Actually, that's something I'd really like to see: Paul Martin down in Washington to talk to the U.S. Senate about softwood lumber and he puts on a goalie mask and fires up the old McCulloch and cuts the podium in half. That'd get their attention.

Anyway, I hadn't realized just how sweaty the bonds issued by forest companies are getting these days, but then I looked at a Canadian forest industry report card that the credit boffins over at Standard & Poor's released this week. If this was your kid's report card, little Johnny would be permanently grounded, and you'd be considering sending him to military school.

S&P rates 13 Canadian forest firms and four building materials companies. Fifteen out of the 17 companies are rated as junk -- or non-investment grade. Of the forest firms, two are triple-B, which is the low end of investment grade; four are double-B-plus, which is the high end of the junk spectrum; one double-B, two double-B-minus, two B-plus, one B, and one triple-C-plus.

Even worse, eight of the companies have negative ratings outlooks, and none of them have positive outlooks. The best that bondholders can hope for is that the companies' credit quality doesn't get any worse. It's like your doctor telling you there's good news and bad news: The bad news is that you are sick as hell and not getting any better, and the good news is, at least you aren't getting any worse.

Yet the individual company ratings are a litany of the same endemic problems: "credit metrics remain stretched as the appreciation of the Canadian dollar and rising energy costs will hurt earnings." ". . . energy and resin costs have increased." " . . . remains under pressure from the Canadian dollar and energy costs." ". . . continues to face a strong Canadian dollar and rising energy costs." ". . . compounding the problem is the rising Canadian dollar and energy costs" ". . . cost reduction initiatives . . . are absolutely critical for long-term survival." Gee, I'm beginning to see a pattern here.

The big burden for these companies has been the loonie. Most of the industry's costs are in Canadian dollars, and most of their revenues are in U.S. dollars. For pulp and paper companies it's an even more bitter pill: While pulp and paper prices, denominated in U.S. dollars, have been rising for more than two years, the appreciation of the Canadian dollar has wiped out the gains.

That's really harsh -- you're in a cyclical business and when the up-cycle comes, it still isn't enough to cover your currency losses. In Canadian-dollar terms, prices have gone nowhere.
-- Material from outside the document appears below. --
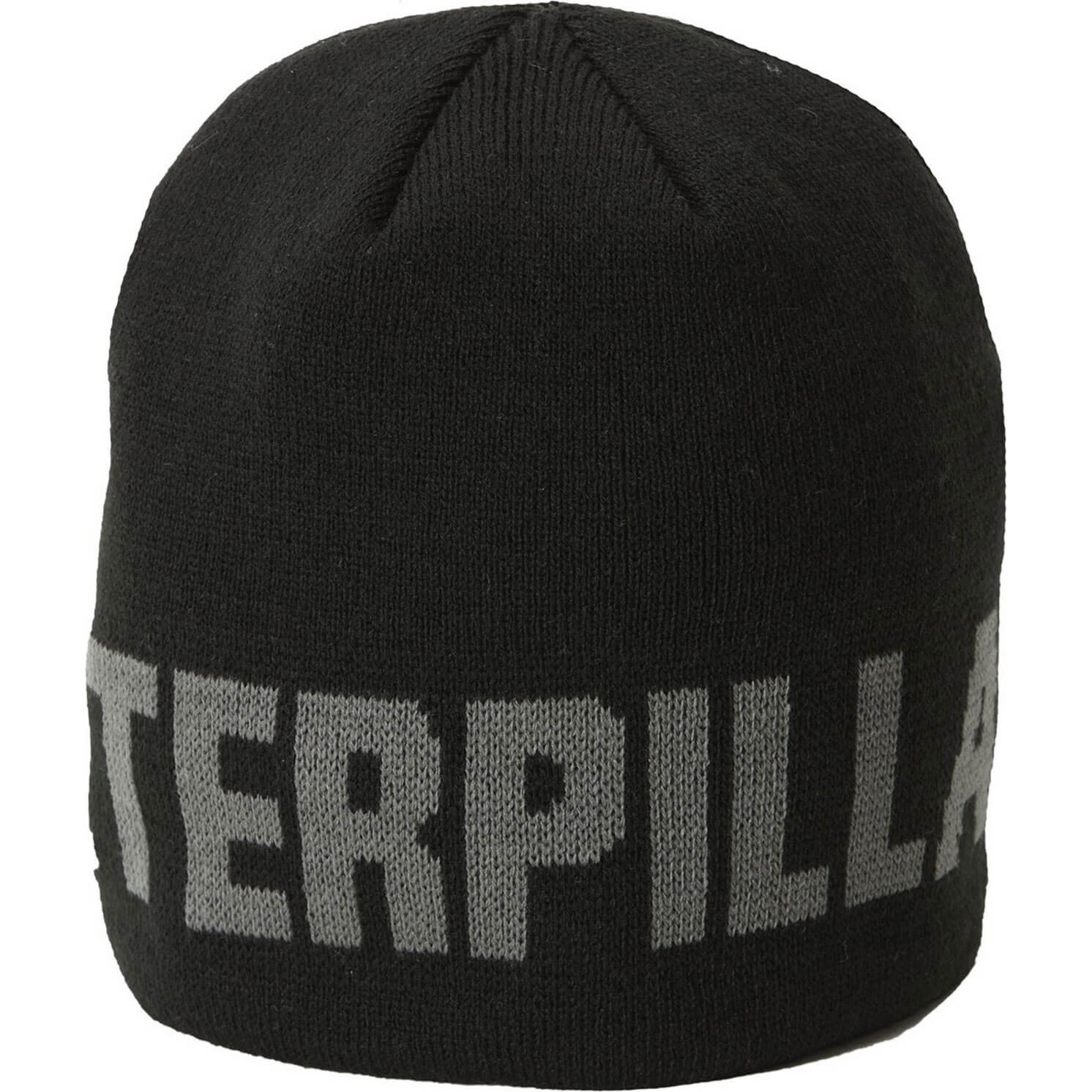 Image of Caterpillar Branded Beanie Cap Black One Size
It gets worse, though. Energy costs have risen too, for oil, gas, and -- especially in Ontario -- electricity. That's had a nasty impact on direct costs, but it has also raised costs for freight, chemicals and resins.

Meanwhile, the softwood lumber dispute goes on and on and on, despite the macho posturing and tough talk from Ottawa. It's about $5-billion in duties, and counting. If that ever gets resolved, the return of those duties will be a shot in the arm for a lot of these companies. But no one can predict how long it will take before any refunds are forthcoming, and the dispute continues without any resolution, so we could be talking geological time here, folks.

There's a couple of other fundamental problems with the industry, too. One is a lack of pricing power. Costs rise, and the companies can't raise prices to cover them, because there is too much overcapacity. And every year, they have to haul the logs further to the mill.

S&P says these conditions will continue, and thus credit quality will "decrease in the near term." Gee, if you're already rated triple-C-plus, any further decrease in credit quality will put you in receivership.

Maybe it's high time someone does put on a goalie mask and trims a few slabs off the West Wing.

Harry Koza is senior Canadian markets analyst at Thomson Financial and a columnist for GlobeinvestorGOLD.com.